The occurrence of ac expression and sternopleural bristle formation in the absence of Antp activity indicates that the absence of sternopleural bristles is not the ground state. However, the number of sternopleural bristles is variable in that condition, indicating that the complete formation of sternopleural bristles is not also the ground state. Since ss misexpression experiment suggests that sternopleural bristles can be formed as long as ss is expressed, one possible aspect of the ground state may be the expression of ss and the production of at least some kind of bristles. Antp may have acquired the ability to modify this state to produce the current-type of sternopleural bristles. On the other hand, Scr may have evolved the ability to block sternopleural bristle formation by acquiring the activity to repress ss expression and Ubx by acquiring another, yet unknown function.

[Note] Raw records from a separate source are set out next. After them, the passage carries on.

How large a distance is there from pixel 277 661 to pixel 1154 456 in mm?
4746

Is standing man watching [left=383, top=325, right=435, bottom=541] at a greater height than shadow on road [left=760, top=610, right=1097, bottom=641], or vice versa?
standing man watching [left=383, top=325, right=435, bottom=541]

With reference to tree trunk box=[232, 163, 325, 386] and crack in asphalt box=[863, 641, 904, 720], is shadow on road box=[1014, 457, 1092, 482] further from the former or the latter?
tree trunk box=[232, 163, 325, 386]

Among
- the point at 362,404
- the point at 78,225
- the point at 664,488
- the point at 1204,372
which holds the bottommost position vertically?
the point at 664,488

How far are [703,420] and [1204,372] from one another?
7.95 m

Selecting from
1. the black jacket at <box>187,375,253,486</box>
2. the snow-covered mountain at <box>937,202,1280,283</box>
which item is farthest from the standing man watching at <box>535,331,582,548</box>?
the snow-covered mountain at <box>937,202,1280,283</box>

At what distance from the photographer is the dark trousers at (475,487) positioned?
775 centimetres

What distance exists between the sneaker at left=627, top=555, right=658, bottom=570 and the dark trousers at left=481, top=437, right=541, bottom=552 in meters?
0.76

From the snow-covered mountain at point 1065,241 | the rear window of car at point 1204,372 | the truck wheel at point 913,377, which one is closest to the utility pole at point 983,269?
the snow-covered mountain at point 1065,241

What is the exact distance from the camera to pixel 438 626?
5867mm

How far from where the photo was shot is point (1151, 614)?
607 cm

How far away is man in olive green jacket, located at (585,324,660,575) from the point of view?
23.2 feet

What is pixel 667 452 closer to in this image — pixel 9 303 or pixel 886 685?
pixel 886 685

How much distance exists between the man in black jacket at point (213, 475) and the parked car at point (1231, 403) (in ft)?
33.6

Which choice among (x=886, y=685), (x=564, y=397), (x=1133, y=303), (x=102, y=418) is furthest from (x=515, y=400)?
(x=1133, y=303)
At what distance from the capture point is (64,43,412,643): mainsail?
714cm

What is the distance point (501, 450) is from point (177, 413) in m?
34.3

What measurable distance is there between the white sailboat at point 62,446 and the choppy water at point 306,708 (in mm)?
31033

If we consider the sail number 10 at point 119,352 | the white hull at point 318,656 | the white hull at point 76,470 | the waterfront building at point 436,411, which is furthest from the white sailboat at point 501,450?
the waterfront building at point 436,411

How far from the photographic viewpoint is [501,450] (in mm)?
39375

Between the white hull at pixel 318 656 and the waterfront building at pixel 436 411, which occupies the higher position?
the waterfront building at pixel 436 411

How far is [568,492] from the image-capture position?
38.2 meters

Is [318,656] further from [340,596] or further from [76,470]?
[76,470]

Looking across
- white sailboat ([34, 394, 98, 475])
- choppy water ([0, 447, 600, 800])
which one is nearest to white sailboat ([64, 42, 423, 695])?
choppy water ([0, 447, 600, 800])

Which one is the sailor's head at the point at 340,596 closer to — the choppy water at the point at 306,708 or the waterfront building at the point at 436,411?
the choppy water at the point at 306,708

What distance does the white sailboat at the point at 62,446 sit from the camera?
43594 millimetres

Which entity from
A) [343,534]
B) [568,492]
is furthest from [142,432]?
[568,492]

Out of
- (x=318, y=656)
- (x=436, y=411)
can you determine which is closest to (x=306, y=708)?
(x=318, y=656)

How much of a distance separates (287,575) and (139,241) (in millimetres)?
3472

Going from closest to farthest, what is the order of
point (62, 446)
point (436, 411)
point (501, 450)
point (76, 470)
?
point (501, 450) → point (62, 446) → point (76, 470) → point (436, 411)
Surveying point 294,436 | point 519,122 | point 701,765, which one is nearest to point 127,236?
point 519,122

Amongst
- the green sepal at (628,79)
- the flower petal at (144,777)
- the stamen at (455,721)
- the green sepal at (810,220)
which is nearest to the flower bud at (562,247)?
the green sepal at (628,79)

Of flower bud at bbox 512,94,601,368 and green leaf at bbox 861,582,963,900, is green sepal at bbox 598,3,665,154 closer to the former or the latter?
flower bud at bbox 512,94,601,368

Taken together, the current state of sternopleural bristles in all three thoracic segments appears to be the derived state (Tsubota, 2008).

Targets of Activity

The transient early expression of spineless in the leg suggests that spineless plays a role in the establishment of the tarsal region. Support for such a role is provided by the finding that bric à brac (bab) lies downstream of spineless. In wild type, bab expression is initiated in the tarsal region in the mid-third instar; at disc eversion, bab expression can be seen to extend from the middle of the first tarsal segment through the fifth segment. In spineless null mutants, bab expression is abolished in the leg (Duncan, 1998).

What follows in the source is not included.